What the exercise asks » In the copy, include exactly the lines from the one with "Interiores de casas" through the end of the data and no others, both ends kept, with every picture left out.

(Raw data begins)

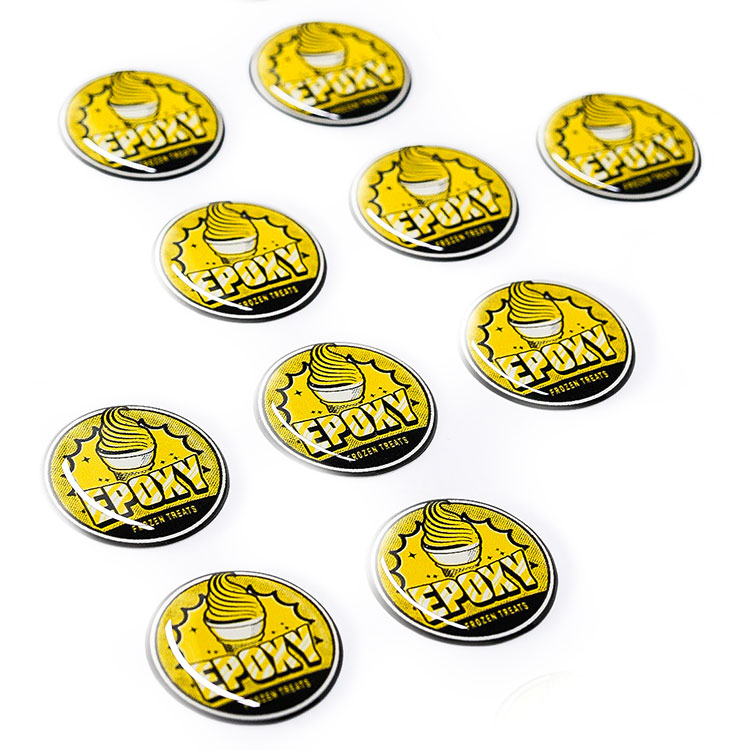 A bunch of yellow and black Epoxy stickers on a white surface.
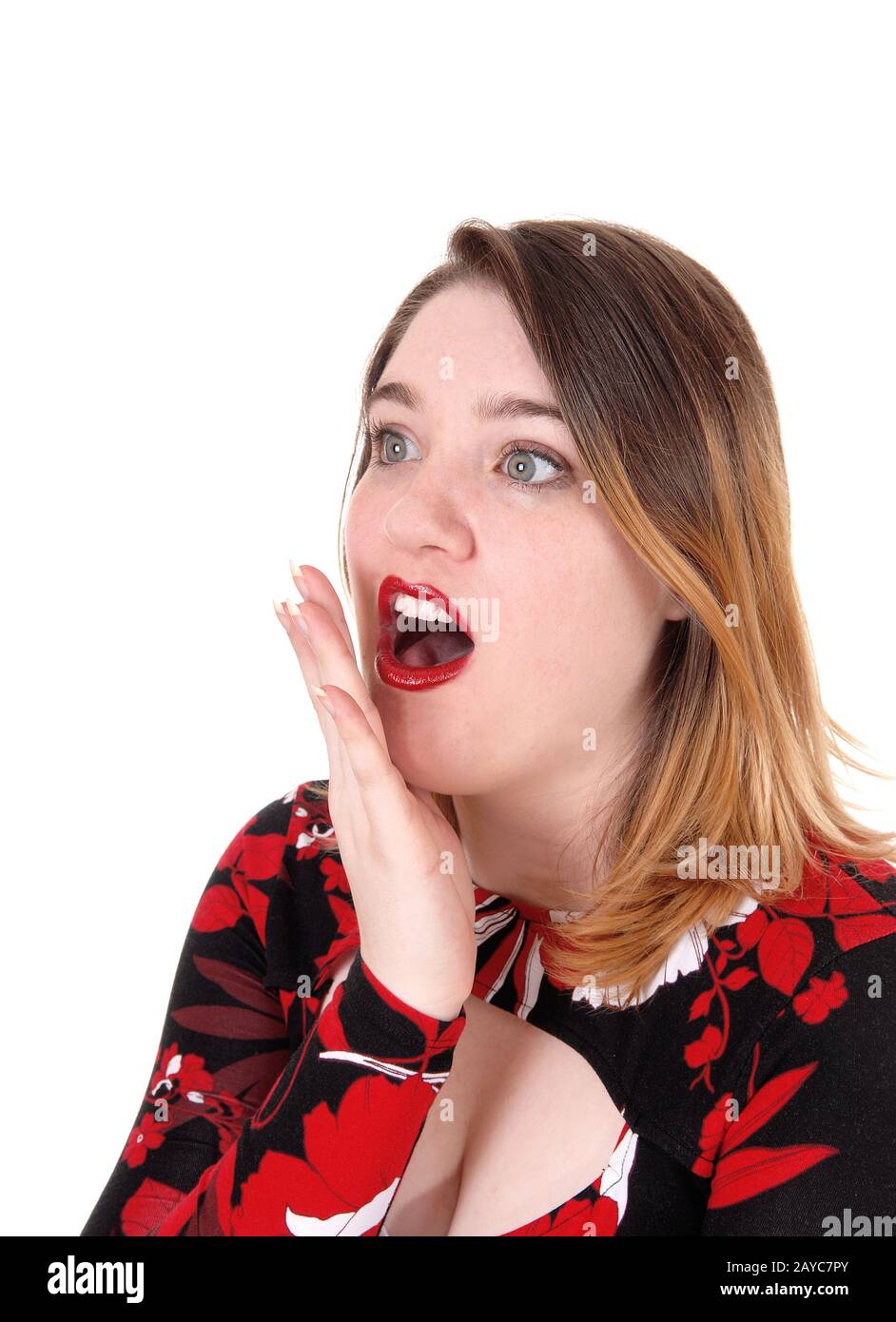 Young woman holding hand over her mouths Stock Photo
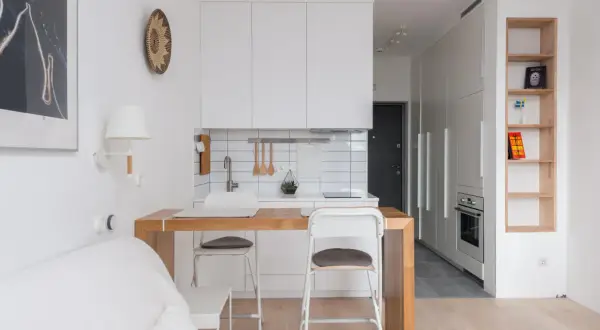 Interiores de casas sencillas con cocina blanca, barra de madera y sofá blanco. Estilo minimalista y funcional.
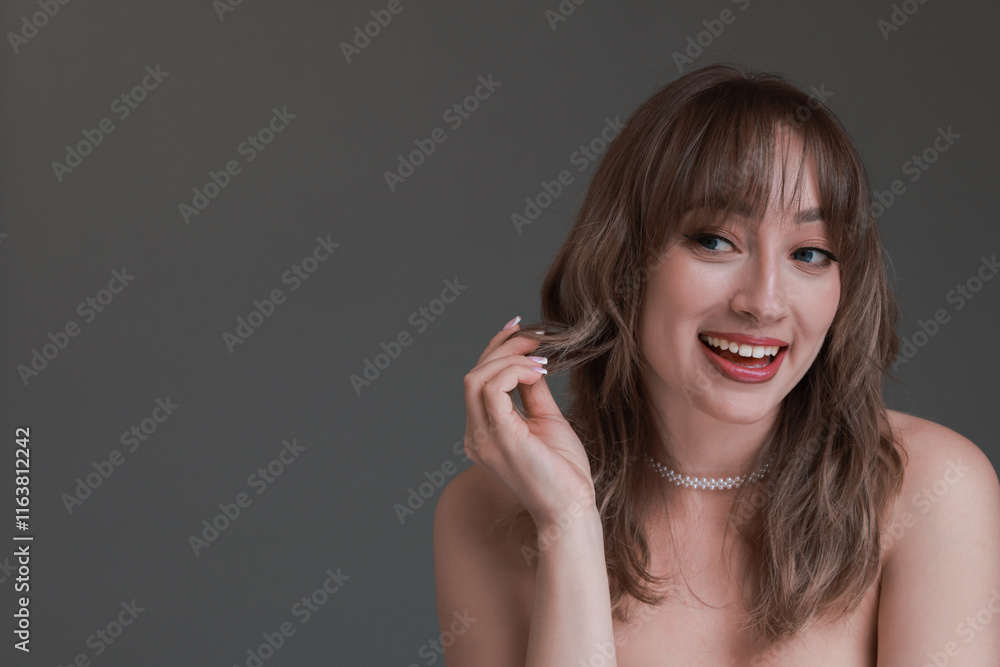 Attractive woman with stylish haircut on grey background, space for text Attractive woman with stylish haircut on grey background, space for text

(Raw data ends)

Written reply »
 Interiores de casas sencillas con cocina blanca, barra de madera y sofá blanco. Estilo minimalista y funcional.
 Attractive woman with stylish haircut on grey background, space for text Attractive woman with stylish haircut on grey background, space for text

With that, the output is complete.